Nor for the same reason, is Tierney a snob or likely to become one. Her Revolutionary forebears are real, her Irish-Creole ancestry aristocratic and valid, so she doesn’t have to pretend. She’s the kind of a kid the camera crew adores but never gets familiar with. None would dare tell her an off-color joke. While we talked waitresses dropped by to tell Gene their troubles and gasp at her get-up. She always strikes up windy conversations with taxi drivers, Gene said. In Albuquerque, in a recent flying vacation back home, Gene startled the airport weather bureau by busting right in with the pilot. “Hello, boys,” cried Gene. “How’s the weather?” At the port near Fairfield she went in the coffee shop for a bite and ran across a Polish girl she’d known in grade school. They visited so busily across the counter that Gene almost missed her plane.

But Gene Tierney is down to earth with decorum, and regular with reserve. She doesn’t forget her good taste or manners, no matter what the situation. At a preview recently a news photographer focused on her and her date. “Come on, Miss Tierney,” suggested the flash-bulber, “put your arm around him.” Gene smiled and took hold of his hand instead.
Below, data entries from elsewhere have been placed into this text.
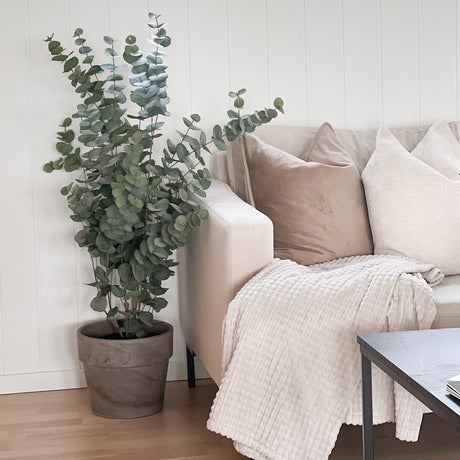 Realistisk eucalyptusplante 110 cm til moderne interiør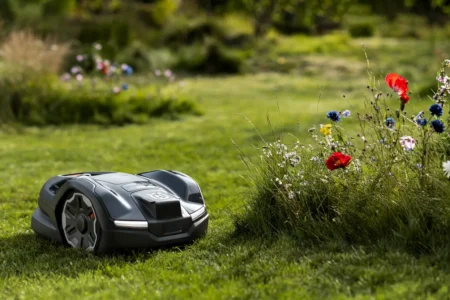Husqvarna Automower® 405XE NERA - Image 2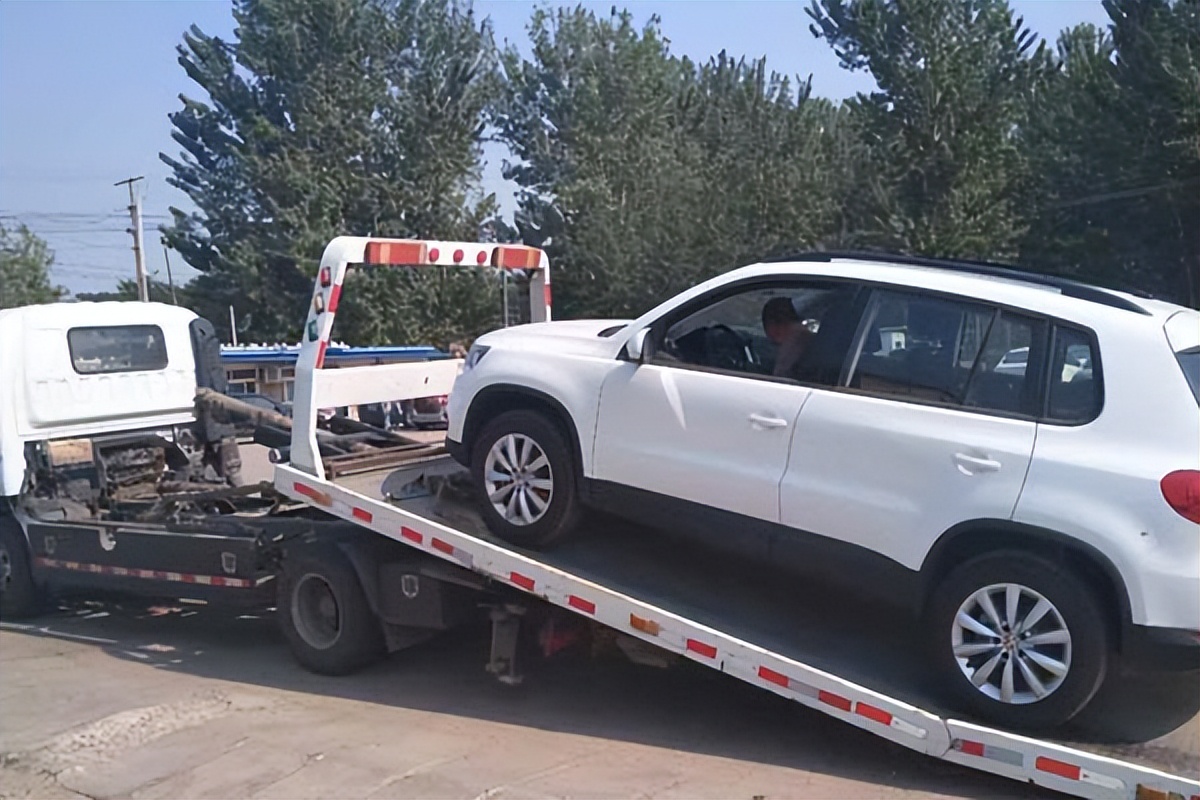 汽车发物流多少钱一辆,物流一辆汽车运费多少钱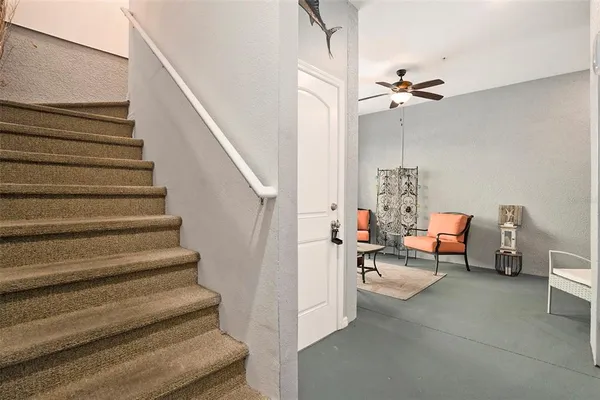 a view of entryway and workspace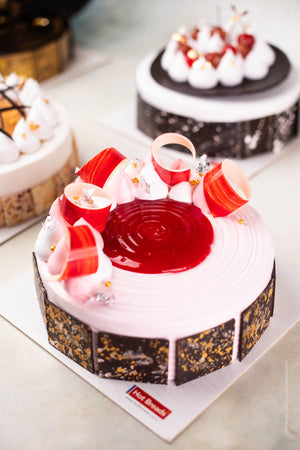 
                  
                    Load image into Gallery viewer, Strawberry Deluxe - 2025
                  
                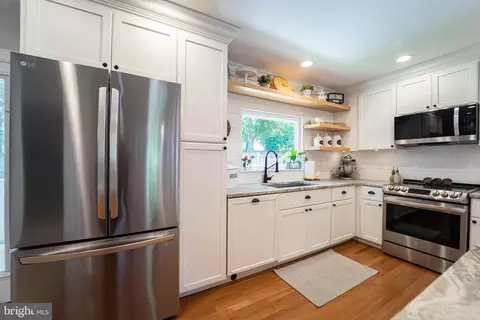 Kitchen - 3 Constitution Sq, Annapolis, MD 21401 photo 4 of 4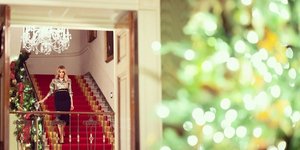 Η Μελάνια Τραμπ στον στολισμένο για τα Χριστούγεννα Λευκό Οίκο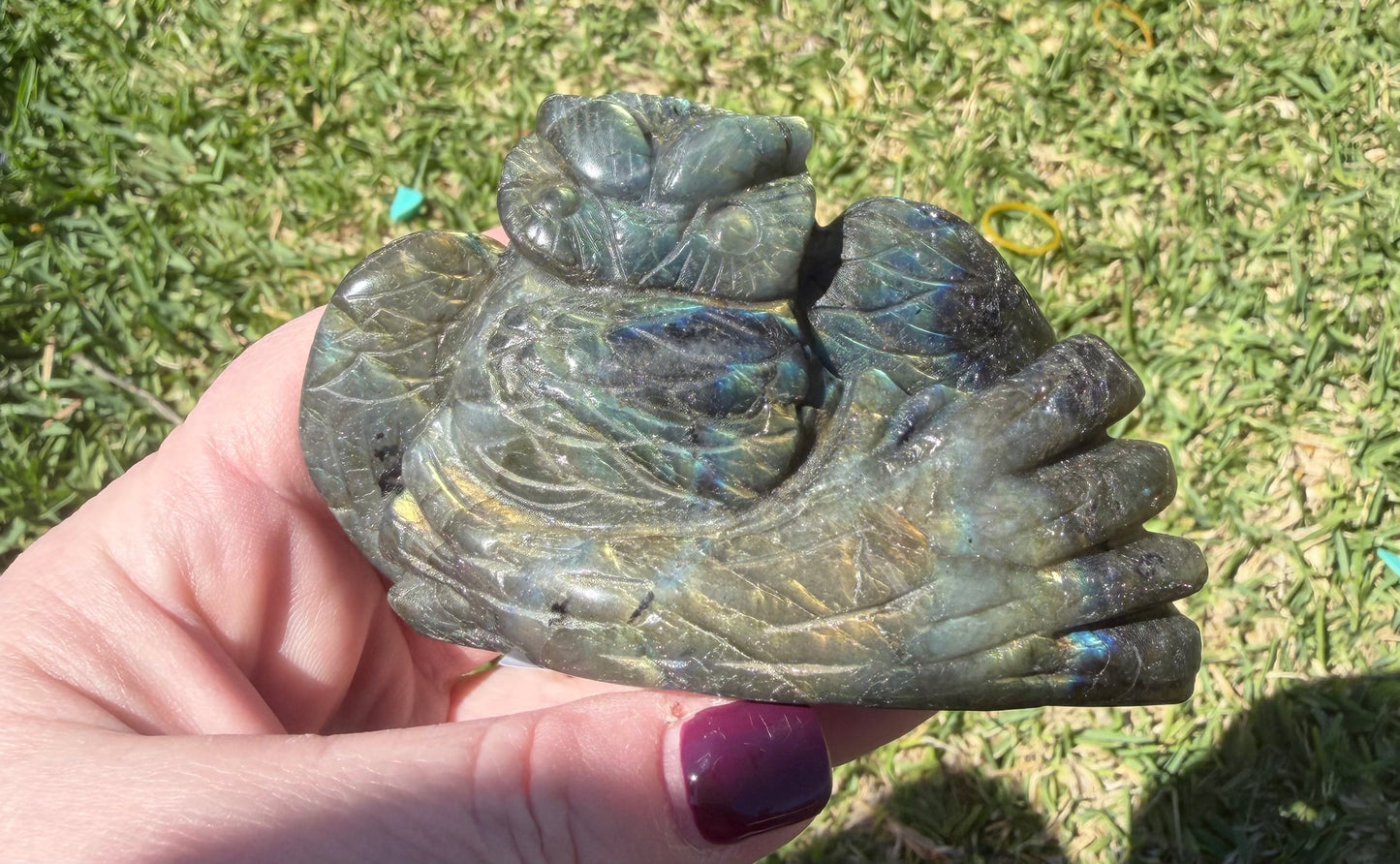 Labradorite Owl Carving – 236g (Gold & Blue Flash)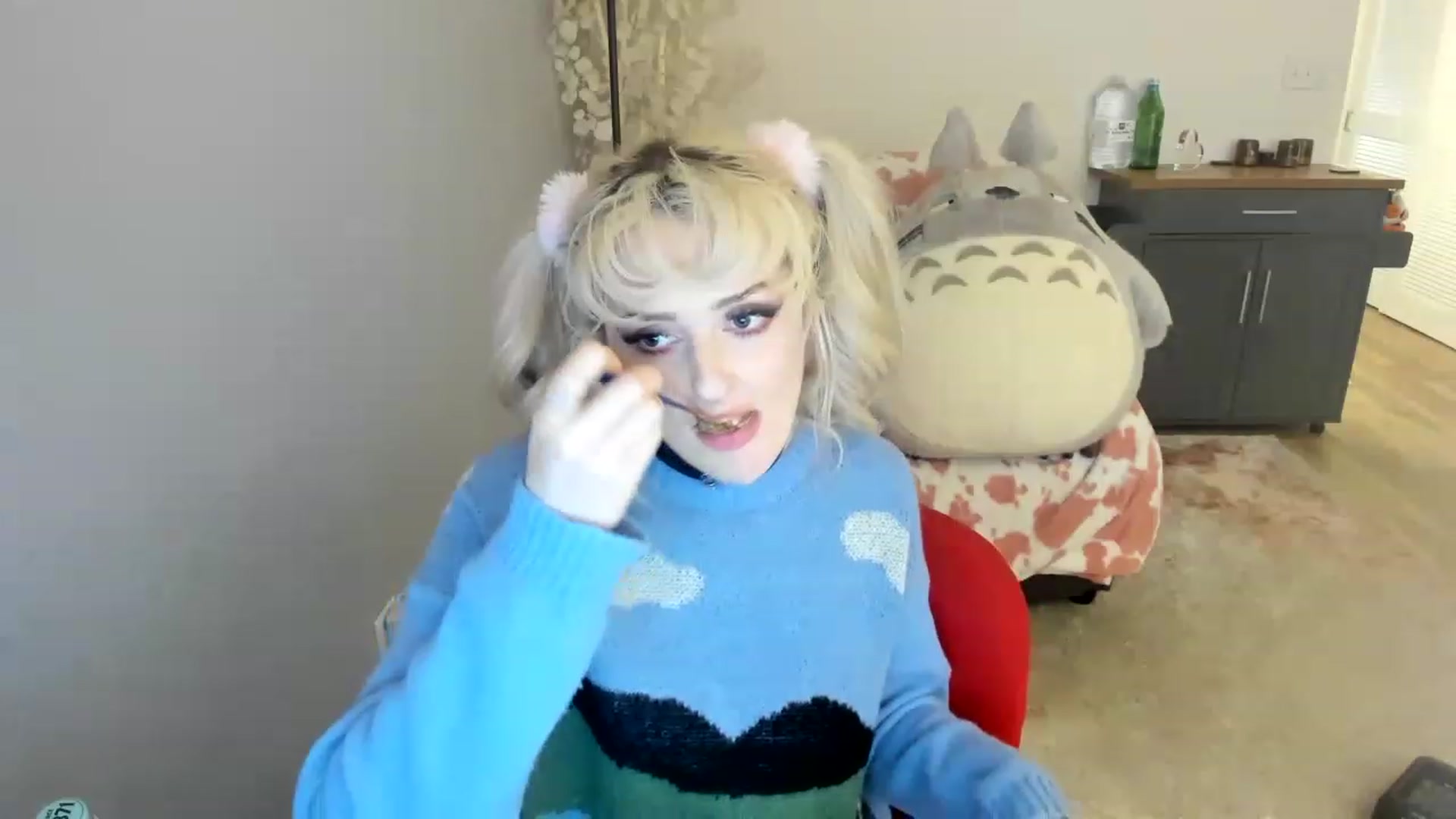 Gallery image thumbnail from Milk_Cuck's myfreecams stream on, 07/04/2023, 08:12 image 19 of 20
If anyone calls her “Honey” or “Baby” she just doesn’t hear. Her boy friends must all meet her mother first and be approved before there’s any stepping out. And when Mama Tierney went back East last Christmas, leaving Gene to toil on “Tobacco Road,” a chaperone moved right in.

It’s things like that which finally banished any doubts the Tierney family and Gene’s blue-blooded friends might have held about her fate in Horrible Hollywood. Now her dad is solidly on her career side, her mother’s pretty proud of “Princess” (that’s Gene to her mother) and both little sister pat and brother Butch are wondering if Hollywood does not hold something for them, too. Pat, a ravishing beauty of fourteen, visited Gene this summer and lost eighteen pounds in the excitement. But when she started blossoming out in fancy Hollywood hair-dos and striking glamourous poses at odd moments, Gene thought it was time Pat was packed back to school in Virginia. That’s where she is now. As for Butch, who was a Phi Beta Kappa at Yale and now is finishing up at Harvard’s School of Business – well, the other day the dean called him in. “I wish,” said the dean, “you’d ask your sister in Hollywood not to mention the fact why you’re here.” Butch wanted to know why not. The dean pointed to a stack of letters. “Look at those clippings,” he said. “They cost us eight cents apiece!” Maybe one more time won’t bankrupt Harvard.

But Gene was depositing her napkin (The Stork Club never saw one quite so black) – and up she bounced in dusty determination. “Back to the turnip patch along old Tobacco Road,” grinned Genie. And noting the inky napkin, “Oh, dear! I should never use a napkin. I’m practically clean. Now the boys will rub my face in the dirt again – and how they’ll love that!” We were halfway out of the café before her glanced down at her bare, black feet. She’d left her slippers under the table. Gene flashed back through the shocked and staring lunchers and retrieved them.

“I wonder,” she grinned, “what the good old glamour girls would say if they could see me now! Maybe,” she added, “it’s just as well they can’t! They might not understand at all!”